:: WORK TO BE COMPLETED ::
Whatever pictures appear, omit them, and repeat the data below exactly.

--------------------

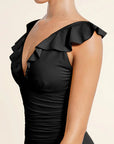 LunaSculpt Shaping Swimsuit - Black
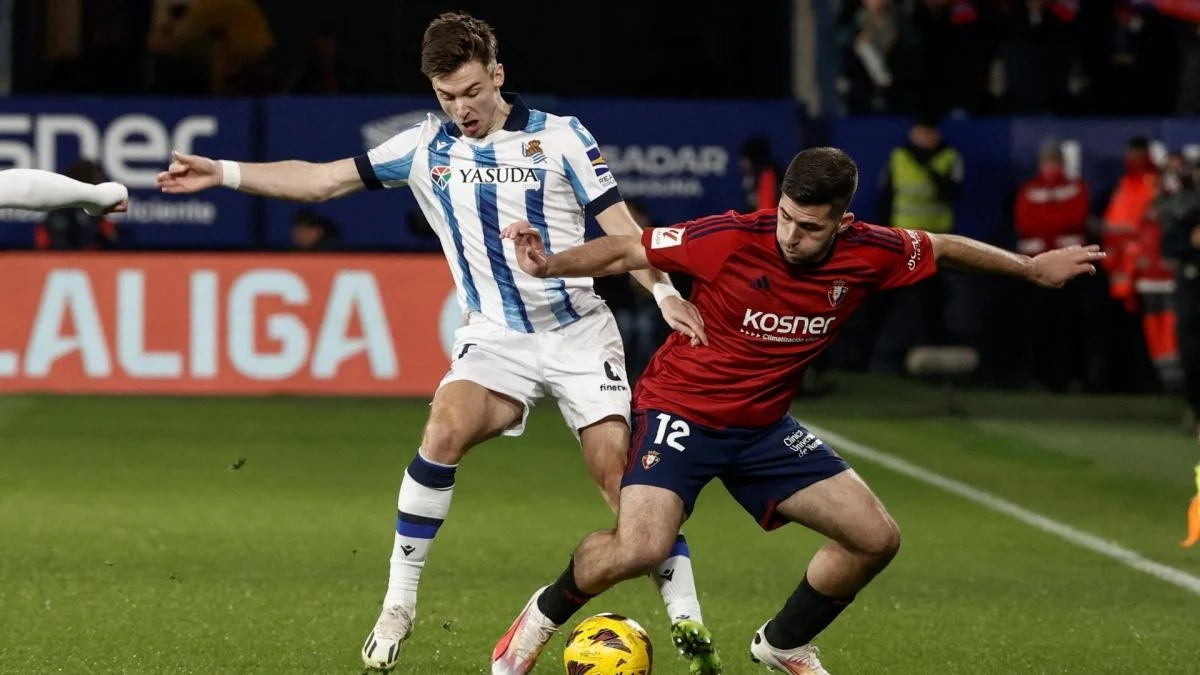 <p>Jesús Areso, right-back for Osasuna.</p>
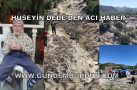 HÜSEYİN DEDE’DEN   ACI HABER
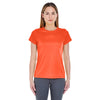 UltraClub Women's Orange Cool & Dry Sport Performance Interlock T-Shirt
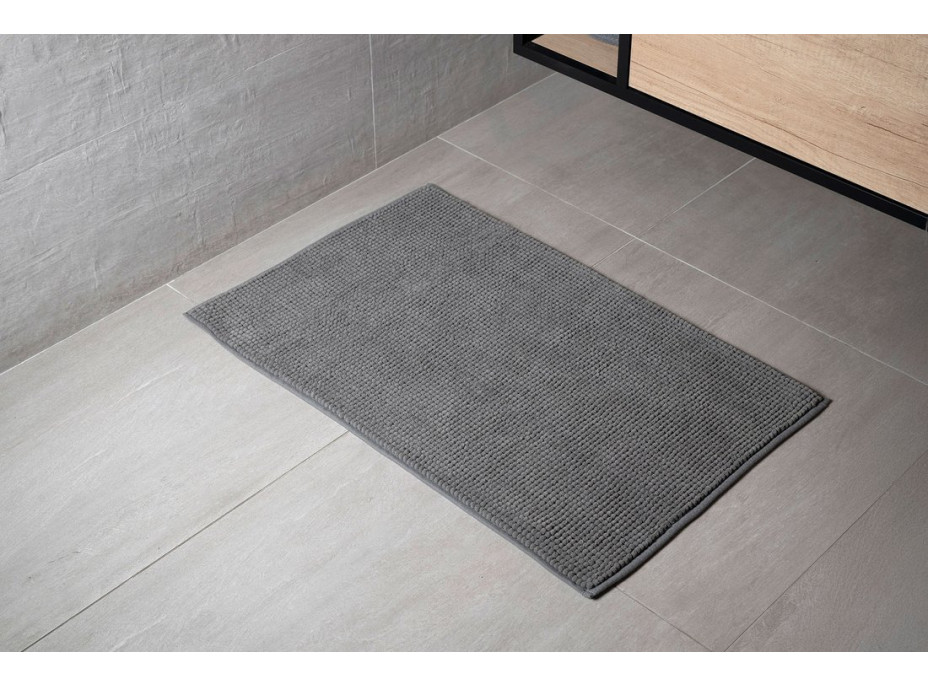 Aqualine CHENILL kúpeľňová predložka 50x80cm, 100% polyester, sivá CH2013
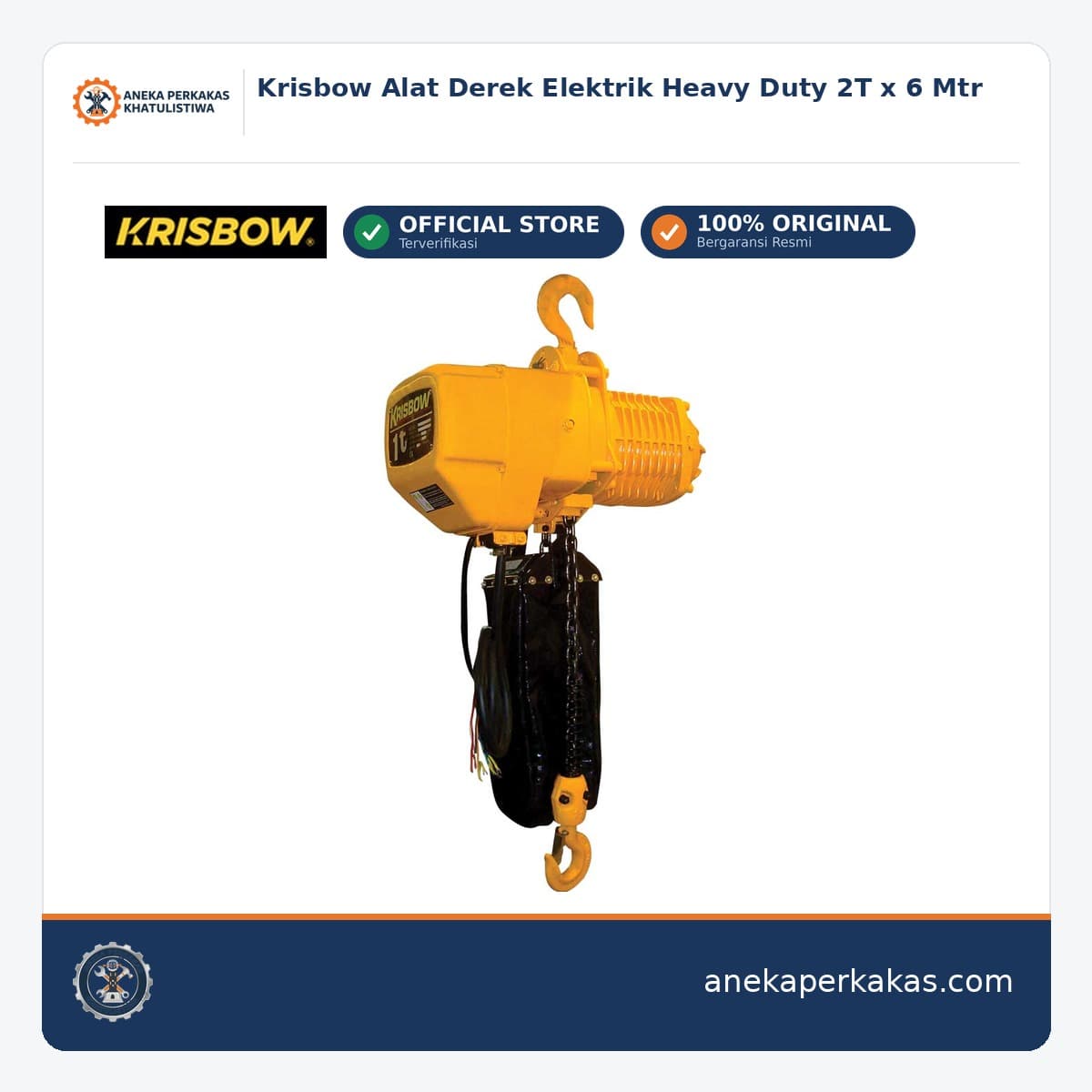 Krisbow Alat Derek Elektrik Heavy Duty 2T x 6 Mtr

--------------------

:: TASK RESPONSE ::
 LunaSculpt Shaping Swimsuit - Black
 <p>Jesús Areso, right-back for Osasuna.</p>
 HÜSEYİN DEDE’DEN   ACI HABER
 UltraClub Women's Orange Cool & Dry Sport Performance Interlock T-Shirt
 Aqualine CHENILL kúpeľňová predložka 50x80cm, 100% polyester, sivá CH2013
 Krisbow Alat Derek Elektrik Heavy Duty 2T x 6 Mtr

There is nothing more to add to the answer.